* **WHAT THIS TASK INVOLVES**: Could you set down exactly the lines of the data below, starting at the one that holds "20182.0T SaharaT п؅^" and ending at the one that holds "Precies 60 jaar", both included, and only those?

* **MATERIAL FOR THIS TASK**:
........
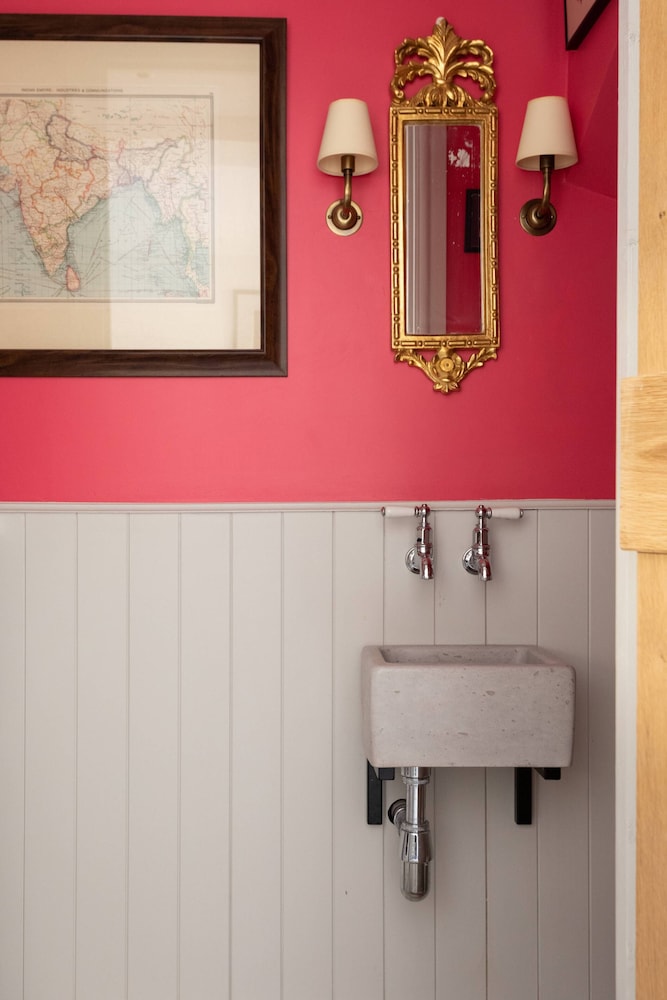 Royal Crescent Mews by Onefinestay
........
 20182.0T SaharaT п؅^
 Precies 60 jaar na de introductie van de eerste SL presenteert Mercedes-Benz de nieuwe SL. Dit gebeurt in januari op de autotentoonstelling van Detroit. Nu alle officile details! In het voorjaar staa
........
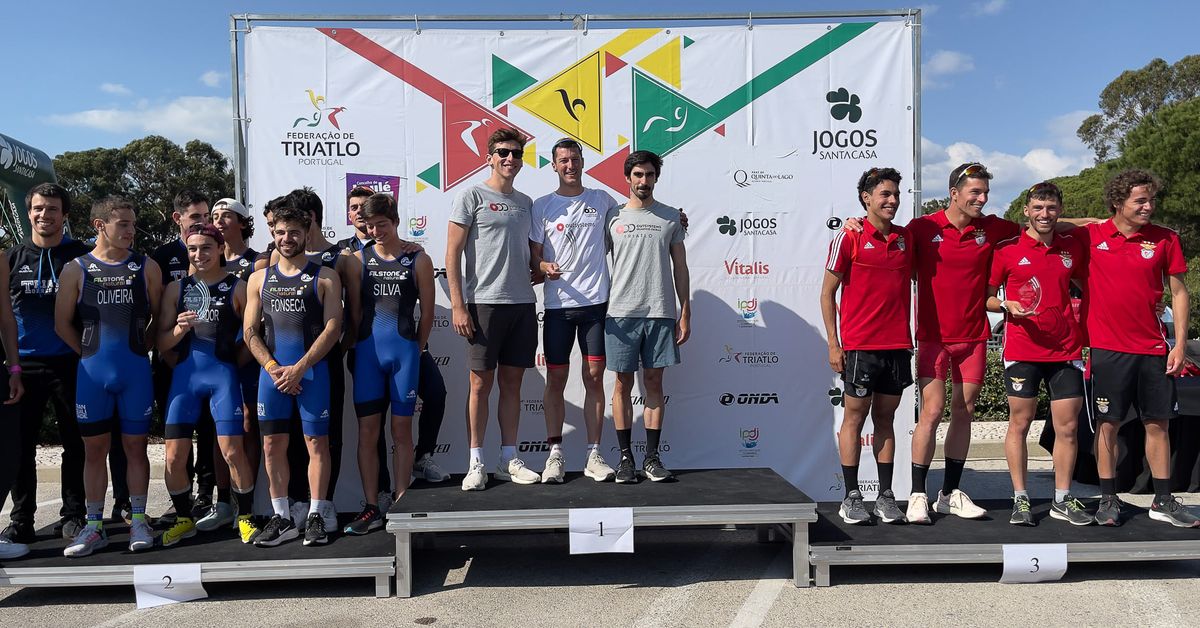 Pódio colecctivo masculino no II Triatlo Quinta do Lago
........
* **ANSWER**:
 20182.0T SaharaT п؅^
 Precies 60 jaar na de introductie van de eerste SL presenteert Mercedes-Benz de nieuwe SL. Dit gebeurt in januari op de autotentoonstelling van Detroit. Nu alle officile details! In het voorjaar staa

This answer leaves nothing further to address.